Digitization is a key challenge for companies, since the Internet has become a part of mainstream society and reaches all social, age and population groups. The fact that the Internet has become mobile — owing to the development of multifunctional smart phones — can hardly be overlooked in public.

The answer to the question of which impact this development has on our everyday lives, however, can only be very vaguely guessed for the time being. Mobility and continuous availability of information and interaction options accessible on the Internet increasingly blur the border between the virtual and real worlds, and users develop completely new behavior and response patterns.

The largely unforeseeable but steadily growing possibilities for new contact points, services and business models are both an opportunity and a risk for enterprises. In particular, opportunities include fully repositioning a company with regard to customer relations by consistently focusing on customer needs with the help of new technologies. Risks, of course, lie especially in the fact that already established but also new and, in part, non-industry competitors will succeed in doing so faster and better as well as in a more customer-oriented and more attractive way. As a result, the danger of losing even long-standing customers enters a previously unknown dimension.


Even though a part of the classic barriers to market entry seem to have become less important due to the possibilities offered by digitization, zeb believes that successful positioning in the digital world resembles a modern tetrathlon made up of four disciplines that all have to be tackled:


Innovative ideas as well as a development and roll-out process off the beaten track usually trodden in big corporations require a new way of thinking, decision-making and acting. Therefore, it is recommendable to set up a digital development team outside rigid corporate structures. The digital development team is made up of Internet-savvy “creative minds”, reports directly to the corporation’s board, acts within a defined development budget, maintains a network of innovative development partners in the digital world (technology developers, marketing agencies, etc.), controls the innovation and development process, uses the organization for generating and validating ideas and continuously monitors the success of innovations introduced in the market.


That is the linchpin for success in the digital world. Here the focus is on continuously developing products and services that address customer needs, positively exceed their expectations and are perceived as differentiating and solving problems by the customers. This requires detailed knowledge of the customers, their requirements and, in particular, their current behavior. Moreover, developers have to accept that practical application ultimately determines the success of the new ideas. Therefore, the acid test of practical application has to be taken on an ongoing basis. Development and rollout processes have to use an approach oriented toward trial and error.


The introduction of new service innovations has to be continuously harmonized with the existing sales and service strategy in order to ensure the seamless integration of diverse services across different sales channels. On the one hand, it is decisive in this context that strategic considerations rather have the nature of development guidelines in order to give creativity sufficient freedom. On the other hand, a flexible integration into existing structures and strategy definitions has to be made possible for new ideas that are successful in the market. As a result, the strategy development process is not as consistently structured from the top down as it traditionally used to be.

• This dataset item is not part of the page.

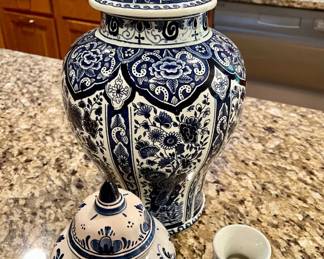 069-KIT: Delft Blue and White Urns and Bud Vase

This is a continuous, long-term and cost-intensive challenge for all companies and covers the process-specific, (data-related) technical and organizational integration of all sales channels. The aim is to provide the customers with a comparable experience of services rendered by the company regardless of the access used and to contact and serve them in line with their personal preferences in a seamless interaction of the individual channels. To take account of rapid technical progress, new service ideas have to be pragmatically connected to the existing channel/IT architecture and, if appropriate, fully integrated only later on. This requires new handling of IT development/release processes.


In our view, digital change is spreading to further areas of social activities. New business models and, more and more often, disruptive changes open up great opportunities but also harbor major risks for established actors. Previous success in business and experience alone are no longer a guarantee for the successful future of a company.

Digital transformation requires taking new perspectives on processes and markets as well as thinking out of the box. In our experience, stable structures and processes that evolved in the company typically and rather reliably hamstring innovation and change in the disciplines of the “modern tetrathlon” outlined above. Companies who wish to live up to their performance promises also in future have to embrace society’s digital culture and ideally contribute to shaping it actively. It is important to identify the right persons who can serve as role models in the new digital culture within the company itself. By calling in external support, it becomes easier to get a fresh view of well-established structures and processes, to break up habitual thinking patterns and to identify creative minds. It also makes it possible to rethink products and processes and to systematically detect weaknesses in a company’s own system and to change them for the better.